• [What to produce]:
Could you repeat the listing exactly, leaving out the pictures?

--- Source data ---

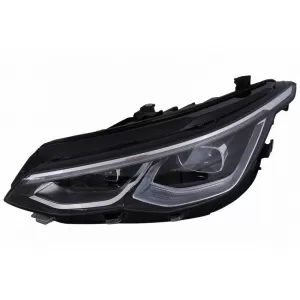 Headlights Set Suitable for VW Golf VIII (8) 19-24 R Look DRL & Dynamic Signal Black/Chrome With Motor Carrier-image-6352035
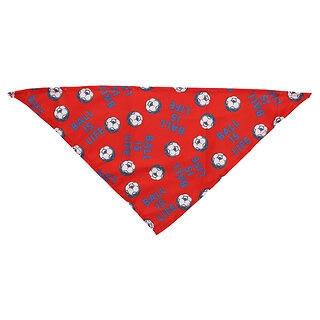 Rufus & Rosie Football is Life Dog Bandana S-M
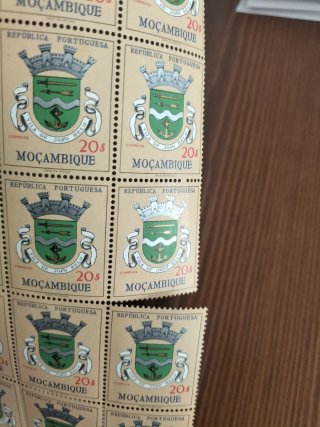Lote 50 Sellos Mozambique 1961 MNH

---

• [Your response]:
 Headlights Set Suitable for VW Golf VIII (8) 19-24 R Look DRL & Dynamic Signal Black/Chrome With Motor Carrier-image-6352035
 Rufus & Rosie Football is Life Dog Bandana S-M
Lote 50 Sellos Mozambique 1961 MNH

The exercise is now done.